→ DATASET CONTENT:
--

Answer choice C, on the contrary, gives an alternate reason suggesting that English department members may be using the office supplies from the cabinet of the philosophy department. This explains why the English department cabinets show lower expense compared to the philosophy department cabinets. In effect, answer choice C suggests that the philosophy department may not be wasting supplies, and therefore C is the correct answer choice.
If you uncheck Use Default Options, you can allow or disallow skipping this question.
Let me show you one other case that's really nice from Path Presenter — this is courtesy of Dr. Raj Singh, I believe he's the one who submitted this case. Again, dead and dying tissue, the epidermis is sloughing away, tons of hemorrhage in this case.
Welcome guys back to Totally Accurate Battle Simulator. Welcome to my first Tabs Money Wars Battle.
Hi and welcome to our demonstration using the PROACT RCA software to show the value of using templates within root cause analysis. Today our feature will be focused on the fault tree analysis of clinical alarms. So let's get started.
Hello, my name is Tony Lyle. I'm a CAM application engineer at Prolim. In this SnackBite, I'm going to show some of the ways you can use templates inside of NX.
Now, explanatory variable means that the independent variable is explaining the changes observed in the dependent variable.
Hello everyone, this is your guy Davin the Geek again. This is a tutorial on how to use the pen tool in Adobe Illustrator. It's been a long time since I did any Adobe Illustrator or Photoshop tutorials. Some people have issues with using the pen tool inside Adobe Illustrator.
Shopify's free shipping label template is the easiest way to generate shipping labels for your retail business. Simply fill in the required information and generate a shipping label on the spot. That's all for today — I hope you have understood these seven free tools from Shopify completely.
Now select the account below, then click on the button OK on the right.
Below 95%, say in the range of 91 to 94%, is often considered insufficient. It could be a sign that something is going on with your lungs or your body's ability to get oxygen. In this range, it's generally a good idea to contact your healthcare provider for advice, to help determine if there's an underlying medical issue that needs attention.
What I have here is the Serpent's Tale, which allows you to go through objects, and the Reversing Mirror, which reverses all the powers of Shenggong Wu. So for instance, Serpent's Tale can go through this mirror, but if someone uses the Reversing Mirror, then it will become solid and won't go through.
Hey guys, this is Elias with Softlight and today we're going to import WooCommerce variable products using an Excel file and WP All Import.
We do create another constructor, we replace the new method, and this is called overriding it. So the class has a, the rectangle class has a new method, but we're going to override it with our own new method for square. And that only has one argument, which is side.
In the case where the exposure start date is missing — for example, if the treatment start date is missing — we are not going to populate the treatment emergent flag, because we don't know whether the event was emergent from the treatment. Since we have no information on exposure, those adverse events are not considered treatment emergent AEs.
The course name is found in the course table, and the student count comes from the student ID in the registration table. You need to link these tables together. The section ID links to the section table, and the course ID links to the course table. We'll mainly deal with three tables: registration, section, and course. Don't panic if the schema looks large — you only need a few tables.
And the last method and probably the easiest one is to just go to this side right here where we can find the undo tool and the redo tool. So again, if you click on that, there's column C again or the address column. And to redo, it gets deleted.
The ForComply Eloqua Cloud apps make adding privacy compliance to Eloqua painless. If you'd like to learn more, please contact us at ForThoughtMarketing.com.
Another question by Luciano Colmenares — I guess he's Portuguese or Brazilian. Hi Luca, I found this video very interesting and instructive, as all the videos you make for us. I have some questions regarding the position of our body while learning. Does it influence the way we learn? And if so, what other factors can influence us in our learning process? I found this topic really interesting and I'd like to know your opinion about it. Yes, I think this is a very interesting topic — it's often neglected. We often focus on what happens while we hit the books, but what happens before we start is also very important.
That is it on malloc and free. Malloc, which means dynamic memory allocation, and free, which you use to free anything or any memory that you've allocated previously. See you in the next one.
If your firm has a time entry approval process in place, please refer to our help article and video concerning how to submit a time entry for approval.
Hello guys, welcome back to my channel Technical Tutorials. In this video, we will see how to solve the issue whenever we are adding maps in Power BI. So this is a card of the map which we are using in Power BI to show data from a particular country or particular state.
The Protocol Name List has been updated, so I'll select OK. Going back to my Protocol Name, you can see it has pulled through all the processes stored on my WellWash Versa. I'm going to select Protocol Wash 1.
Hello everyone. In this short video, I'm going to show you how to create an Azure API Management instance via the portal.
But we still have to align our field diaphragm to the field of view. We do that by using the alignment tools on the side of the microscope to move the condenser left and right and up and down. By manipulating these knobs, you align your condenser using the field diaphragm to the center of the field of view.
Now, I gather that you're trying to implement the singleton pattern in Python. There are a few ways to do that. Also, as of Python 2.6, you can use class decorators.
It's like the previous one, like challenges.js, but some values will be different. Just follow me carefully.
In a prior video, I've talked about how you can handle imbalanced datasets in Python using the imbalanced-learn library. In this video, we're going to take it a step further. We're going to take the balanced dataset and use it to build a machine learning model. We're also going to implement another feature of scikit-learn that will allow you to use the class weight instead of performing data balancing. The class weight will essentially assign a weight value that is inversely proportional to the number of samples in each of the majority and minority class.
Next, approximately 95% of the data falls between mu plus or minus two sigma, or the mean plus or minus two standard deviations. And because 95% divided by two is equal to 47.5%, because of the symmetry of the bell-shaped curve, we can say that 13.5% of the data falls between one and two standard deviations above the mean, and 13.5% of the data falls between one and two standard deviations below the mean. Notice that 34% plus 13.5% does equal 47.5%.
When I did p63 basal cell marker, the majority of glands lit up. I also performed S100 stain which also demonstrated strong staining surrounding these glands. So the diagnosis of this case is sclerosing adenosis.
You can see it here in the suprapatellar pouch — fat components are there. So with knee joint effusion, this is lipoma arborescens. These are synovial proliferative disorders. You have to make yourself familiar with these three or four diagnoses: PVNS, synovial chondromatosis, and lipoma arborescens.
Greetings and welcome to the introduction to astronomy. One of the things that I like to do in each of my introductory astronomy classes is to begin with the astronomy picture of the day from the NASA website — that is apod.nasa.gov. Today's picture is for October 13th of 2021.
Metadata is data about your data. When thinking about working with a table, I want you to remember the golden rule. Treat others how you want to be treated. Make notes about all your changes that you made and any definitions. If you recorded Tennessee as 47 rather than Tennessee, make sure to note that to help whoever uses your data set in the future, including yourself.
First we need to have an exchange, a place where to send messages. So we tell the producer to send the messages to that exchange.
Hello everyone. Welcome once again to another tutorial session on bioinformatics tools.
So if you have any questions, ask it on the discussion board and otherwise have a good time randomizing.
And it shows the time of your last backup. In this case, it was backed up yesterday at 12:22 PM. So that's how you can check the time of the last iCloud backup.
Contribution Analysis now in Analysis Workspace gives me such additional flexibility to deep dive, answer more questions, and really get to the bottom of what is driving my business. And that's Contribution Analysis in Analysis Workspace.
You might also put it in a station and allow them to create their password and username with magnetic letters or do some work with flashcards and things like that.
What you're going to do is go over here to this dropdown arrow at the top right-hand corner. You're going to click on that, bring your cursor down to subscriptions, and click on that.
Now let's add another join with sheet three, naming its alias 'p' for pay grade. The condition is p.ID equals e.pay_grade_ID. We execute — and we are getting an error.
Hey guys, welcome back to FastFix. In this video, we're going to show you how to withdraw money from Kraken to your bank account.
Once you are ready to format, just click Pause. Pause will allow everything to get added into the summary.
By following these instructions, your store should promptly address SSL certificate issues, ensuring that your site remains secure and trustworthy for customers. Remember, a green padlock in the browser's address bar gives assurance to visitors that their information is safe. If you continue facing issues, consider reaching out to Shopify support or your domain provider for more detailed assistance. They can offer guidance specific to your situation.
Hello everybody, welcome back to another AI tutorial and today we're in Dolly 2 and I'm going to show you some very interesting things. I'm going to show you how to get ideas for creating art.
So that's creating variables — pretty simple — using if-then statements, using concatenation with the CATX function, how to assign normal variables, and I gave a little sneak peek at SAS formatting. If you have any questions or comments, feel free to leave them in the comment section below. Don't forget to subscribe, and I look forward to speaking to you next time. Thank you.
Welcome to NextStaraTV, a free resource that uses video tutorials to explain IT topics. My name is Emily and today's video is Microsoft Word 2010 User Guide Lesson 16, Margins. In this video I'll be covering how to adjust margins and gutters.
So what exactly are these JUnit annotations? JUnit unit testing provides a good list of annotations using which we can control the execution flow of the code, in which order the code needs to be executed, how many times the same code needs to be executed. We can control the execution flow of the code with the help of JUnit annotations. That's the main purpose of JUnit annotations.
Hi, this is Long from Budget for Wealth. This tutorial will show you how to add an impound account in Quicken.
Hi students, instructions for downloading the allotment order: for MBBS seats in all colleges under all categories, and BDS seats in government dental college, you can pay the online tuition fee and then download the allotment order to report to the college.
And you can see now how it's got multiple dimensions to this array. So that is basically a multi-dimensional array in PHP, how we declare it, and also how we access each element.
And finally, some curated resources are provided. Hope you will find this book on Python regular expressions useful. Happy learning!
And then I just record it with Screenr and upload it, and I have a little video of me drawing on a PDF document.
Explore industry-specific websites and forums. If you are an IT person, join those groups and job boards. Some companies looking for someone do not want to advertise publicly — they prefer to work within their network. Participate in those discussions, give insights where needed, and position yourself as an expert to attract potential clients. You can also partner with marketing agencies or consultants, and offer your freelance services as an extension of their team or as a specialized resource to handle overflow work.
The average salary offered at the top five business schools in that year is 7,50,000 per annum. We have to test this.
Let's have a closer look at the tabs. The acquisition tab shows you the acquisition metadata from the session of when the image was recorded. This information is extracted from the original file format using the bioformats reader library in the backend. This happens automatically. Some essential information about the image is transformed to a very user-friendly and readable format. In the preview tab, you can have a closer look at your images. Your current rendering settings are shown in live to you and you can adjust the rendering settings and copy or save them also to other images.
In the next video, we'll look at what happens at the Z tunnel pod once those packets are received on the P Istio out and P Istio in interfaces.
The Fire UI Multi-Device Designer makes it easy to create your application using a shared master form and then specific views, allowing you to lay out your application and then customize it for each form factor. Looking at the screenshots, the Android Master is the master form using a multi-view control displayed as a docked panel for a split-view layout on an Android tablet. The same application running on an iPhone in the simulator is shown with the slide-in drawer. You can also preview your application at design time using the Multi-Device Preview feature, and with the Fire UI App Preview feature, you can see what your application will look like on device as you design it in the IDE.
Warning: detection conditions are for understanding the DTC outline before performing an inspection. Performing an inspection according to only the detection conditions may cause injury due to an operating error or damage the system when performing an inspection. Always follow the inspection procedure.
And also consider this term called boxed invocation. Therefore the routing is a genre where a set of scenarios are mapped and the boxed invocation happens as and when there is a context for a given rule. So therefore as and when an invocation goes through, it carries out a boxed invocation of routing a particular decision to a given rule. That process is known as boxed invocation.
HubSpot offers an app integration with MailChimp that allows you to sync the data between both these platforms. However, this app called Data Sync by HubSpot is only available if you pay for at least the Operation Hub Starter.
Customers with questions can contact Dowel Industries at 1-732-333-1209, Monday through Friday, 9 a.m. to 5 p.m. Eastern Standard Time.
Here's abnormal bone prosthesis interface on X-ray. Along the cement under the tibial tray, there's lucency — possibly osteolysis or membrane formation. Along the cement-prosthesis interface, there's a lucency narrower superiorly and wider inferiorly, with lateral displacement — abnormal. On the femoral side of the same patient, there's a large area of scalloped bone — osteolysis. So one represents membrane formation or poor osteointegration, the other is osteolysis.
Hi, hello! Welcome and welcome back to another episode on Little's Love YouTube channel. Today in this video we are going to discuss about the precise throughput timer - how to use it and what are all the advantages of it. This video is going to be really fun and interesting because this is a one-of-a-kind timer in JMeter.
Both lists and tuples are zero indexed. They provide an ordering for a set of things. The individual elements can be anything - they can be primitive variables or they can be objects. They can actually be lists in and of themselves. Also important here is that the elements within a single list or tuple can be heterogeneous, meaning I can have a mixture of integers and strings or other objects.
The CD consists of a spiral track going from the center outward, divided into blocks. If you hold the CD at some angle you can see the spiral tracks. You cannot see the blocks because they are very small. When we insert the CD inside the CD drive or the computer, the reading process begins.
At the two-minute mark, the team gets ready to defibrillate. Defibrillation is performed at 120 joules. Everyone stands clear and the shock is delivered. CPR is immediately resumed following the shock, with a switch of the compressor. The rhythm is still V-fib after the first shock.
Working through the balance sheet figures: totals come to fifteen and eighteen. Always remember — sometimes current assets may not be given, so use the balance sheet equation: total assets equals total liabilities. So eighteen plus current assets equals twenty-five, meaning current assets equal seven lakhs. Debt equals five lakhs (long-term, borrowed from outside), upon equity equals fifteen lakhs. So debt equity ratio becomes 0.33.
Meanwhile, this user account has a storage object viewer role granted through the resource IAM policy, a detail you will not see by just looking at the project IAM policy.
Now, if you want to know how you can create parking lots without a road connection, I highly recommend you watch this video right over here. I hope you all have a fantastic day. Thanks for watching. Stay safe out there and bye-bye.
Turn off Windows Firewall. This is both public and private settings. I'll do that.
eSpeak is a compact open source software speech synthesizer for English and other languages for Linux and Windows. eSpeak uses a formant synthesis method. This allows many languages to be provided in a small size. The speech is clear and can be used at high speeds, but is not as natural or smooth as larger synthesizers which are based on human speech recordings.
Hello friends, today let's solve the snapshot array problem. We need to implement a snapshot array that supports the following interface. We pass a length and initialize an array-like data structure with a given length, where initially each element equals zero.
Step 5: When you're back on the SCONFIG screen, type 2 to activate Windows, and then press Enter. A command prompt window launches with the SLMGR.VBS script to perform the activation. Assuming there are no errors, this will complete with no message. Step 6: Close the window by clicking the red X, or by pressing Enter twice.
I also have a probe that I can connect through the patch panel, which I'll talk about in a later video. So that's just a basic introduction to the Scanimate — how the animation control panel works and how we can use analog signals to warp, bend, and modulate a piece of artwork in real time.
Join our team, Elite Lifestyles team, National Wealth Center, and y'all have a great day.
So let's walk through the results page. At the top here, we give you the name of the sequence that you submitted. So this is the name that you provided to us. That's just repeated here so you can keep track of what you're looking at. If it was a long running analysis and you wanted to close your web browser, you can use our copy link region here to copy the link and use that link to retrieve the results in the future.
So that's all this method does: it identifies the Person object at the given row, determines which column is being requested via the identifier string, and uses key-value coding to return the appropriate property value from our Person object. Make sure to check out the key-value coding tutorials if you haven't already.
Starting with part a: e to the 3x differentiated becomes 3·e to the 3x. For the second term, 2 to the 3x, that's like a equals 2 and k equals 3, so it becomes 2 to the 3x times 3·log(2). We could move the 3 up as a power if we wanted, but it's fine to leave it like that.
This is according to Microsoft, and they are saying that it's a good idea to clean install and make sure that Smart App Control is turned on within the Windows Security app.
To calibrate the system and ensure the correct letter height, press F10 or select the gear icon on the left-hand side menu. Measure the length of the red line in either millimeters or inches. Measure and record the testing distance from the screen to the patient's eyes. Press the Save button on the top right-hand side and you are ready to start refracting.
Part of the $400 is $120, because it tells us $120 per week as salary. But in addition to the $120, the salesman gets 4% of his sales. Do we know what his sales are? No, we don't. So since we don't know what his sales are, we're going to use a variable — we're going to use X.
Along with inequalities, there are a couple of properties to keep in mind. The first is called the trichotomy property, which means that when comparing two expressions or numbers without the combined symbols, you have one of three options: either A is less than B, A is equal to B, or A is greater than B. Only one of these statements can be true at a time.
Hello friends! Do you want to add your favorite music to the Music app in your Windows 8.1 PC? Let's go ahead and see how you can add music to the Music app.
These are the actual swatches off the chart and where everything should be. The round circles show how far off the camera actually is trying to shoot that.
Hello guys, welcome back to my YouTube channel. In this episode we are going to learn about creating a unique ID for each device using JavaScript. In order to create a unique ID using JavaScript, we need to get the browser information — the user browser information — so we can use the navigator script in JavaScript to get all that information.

--

→ EXERCISE: All lines in the listing above that contain "move" should be shown.

→ FINISHED TASK:
But we still have to align our field diaphragm to the field of view. We do that by using the alignment tools on the side of the microscope to move the condenser left and right and up and down. By manipulating these knobs, you align your condenser using the field diaphragm to the center of the field of view.
Starting with part a: e to the 3x differentiated becomes 3·e to the 3x. For the second term, 2 to the 3x, that's like a equals 2 and k equals 3, so it becomes 2 to the 3x times 3·log(2). We could move the 3 up as a power if we wanted, but it's fine to leave it like that.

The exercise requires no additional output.